Crate write out gets exponentially slower with high time sample count

dgovil commented 3 weeks ago

Description of Issue

We're seeing a reproducible issue across USD 24.2-24.8 (didn't test earlier) where writing crate becomes exponentially slower as you add more samples.

With 100 samples, crate takes 2.5x longer than a USDA to write on average
With 10,000 samples, crate takes 15x longer. (0.105 vs 0.006)
With 20,0000 samples, it takes about 30x longer (0.4s vs 0.014s)
With a single attribute at 30,000 samples , it takes 36x longer to write out than a text file. (0.75s vs 0.02s)
When this jumps to 35,000 samples, it does not finish writing the crate file on my M2 Ultra after even 10 minutes

We've reproduced this fairly reliably on multiple machines and builds of USD. The ratios are always roughly the same and it gives up at about the same count.

Additionally it completely pegs a single core at 100%. It has roughly 48 threads active at this time on my system (I have 24 cores, so it seems to double the cores?) but most(all but one?) seem to be inactive during this. It also doesn't seem to use much memory at all during this time, at roughly 77MB.
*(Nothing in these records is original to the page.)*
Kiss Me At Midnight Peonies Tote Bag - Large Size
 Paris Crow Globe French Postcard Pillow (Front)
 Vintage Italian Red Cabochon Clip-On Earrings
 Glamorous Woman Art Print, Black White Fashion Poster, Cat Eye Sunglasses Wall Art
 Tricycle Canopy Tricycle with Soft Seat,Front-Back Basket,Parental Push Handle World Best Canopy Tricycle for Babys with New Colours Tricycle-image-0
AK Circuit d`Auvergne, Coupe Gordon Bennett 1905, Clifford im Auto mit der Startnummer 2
The chart here shows how much slower than USDA crate becomes as the samples get larger. Granted my sample sizes start jumping after a bit, but it shows somewhat linear growth but then at about 35k samples it just won't complete at all. Bear in mind this is a multiplier on the usda document write speed which is roughly O(N). This makes crate something like O(n^2).

Some observations:

This doesn't seem to change depending on the data type of the attribute. Only the number of samples seems to change it.
Timesamples are stored with their key as a DoubleVector. So in theory there should be no compression feeding into this either. Unless I'm mistaken, that should be faster than usda because it should just be able to dump things linearly as it writes out, without needing to format things...so its odd that its slower even at a low sample count.

Steps to Reproduce

Run this script
Get a few coffees

from pxr import Usd, Sdf
import tempfile, os, time

stage = Usd.Stage.CreateInMemory()
prim = stage.DefinePrim("/test")
attr = prim.CreateAttribute("foo", Sdf.ValueTypeNames.Float)

count = (1, 100, 1_000, 10_000, 20_000, 30_000, 35_000, 40_000)

for c in count:
    print(f"Running with {c} samples")

    for i in range(c):
        attr.Set(float(i), i)

    print("Done creating stage...now trying to write it out")
    with tempfile.TemporaryDirectory() as tmpdir:
        usdc = os.path.join(tmpdir, "foo.usdc")
        usda = os.path.join(tmpdir, "foo.usda")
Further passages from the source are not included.